* Directions for this task *
Transcribe the entries exactly. Start at the top, stop after the line with "1404 Tanager Ct - Photo 3 of 8", and omit every picture.

-- Records follows --

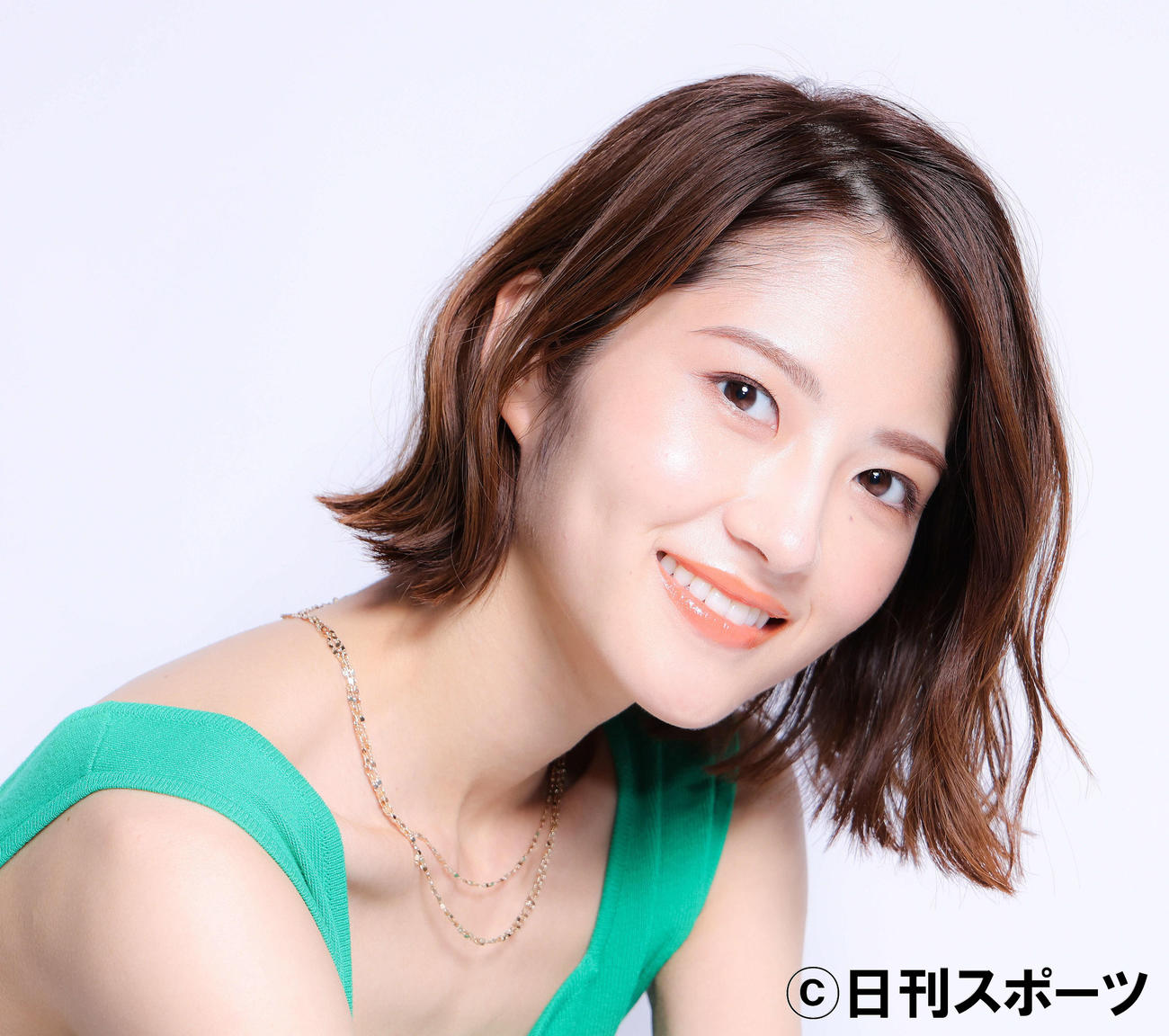 ポーズを決めほほ笑む若月佑美（撮影・河田真司）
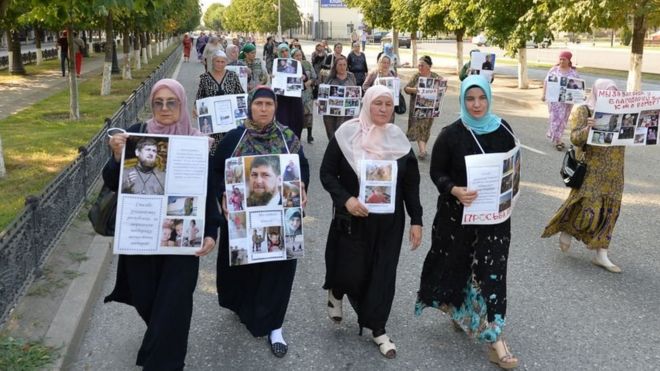 Родственники детей, вывезенных на территории, подконтрольные "Исламскому государству", в августе 2017 года устроили шествие в Грозном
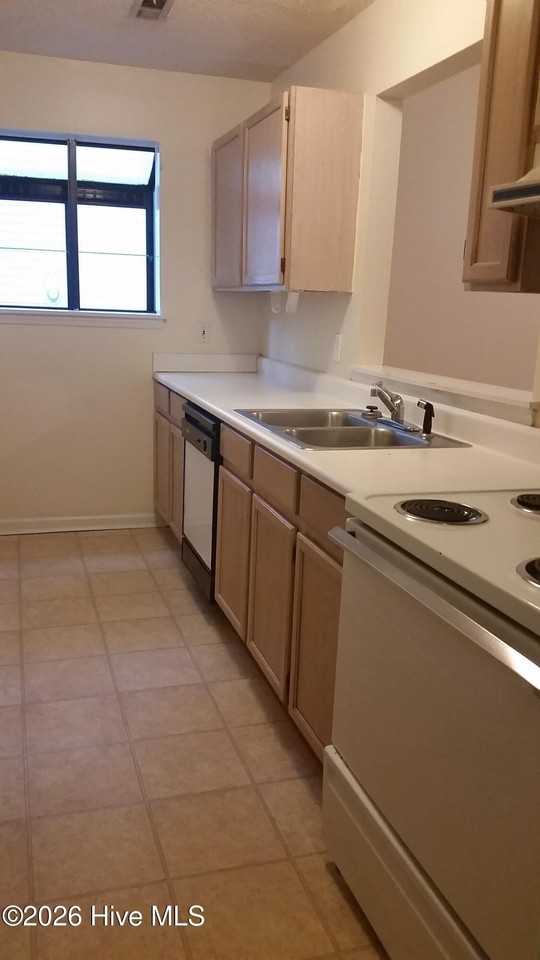 1404 Tanager Ct - Photo 3 of 8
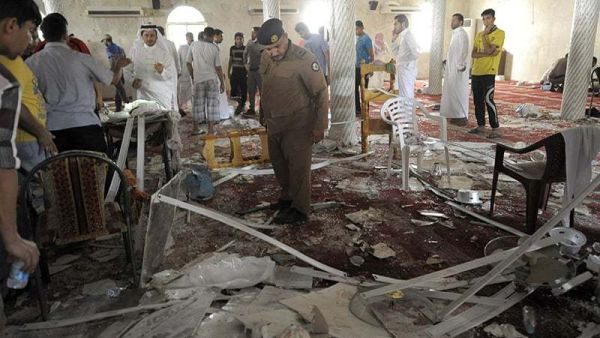 Saudi police survey the aftermath of the Al-Asir mosque bombing in August 2015. (AFP/File) Saudi police survey the aftermath of the Al-Asir mosque bombing in August 2015. (AFP/File)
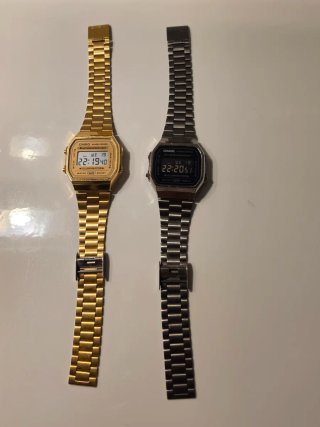 2x Relojes Casio Dorado y Plateado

-- Records concluded --

* Response to the task *
 ポーズを決めほほ笑む若月佑美（撮影・河田真司）
 Родственники детей, вывезенных на территории, подконтрольные "Исламскому государству", в августе 2017 года устроили шествие в Грозном
 1404 Tanager Ct - Photo 3 of 8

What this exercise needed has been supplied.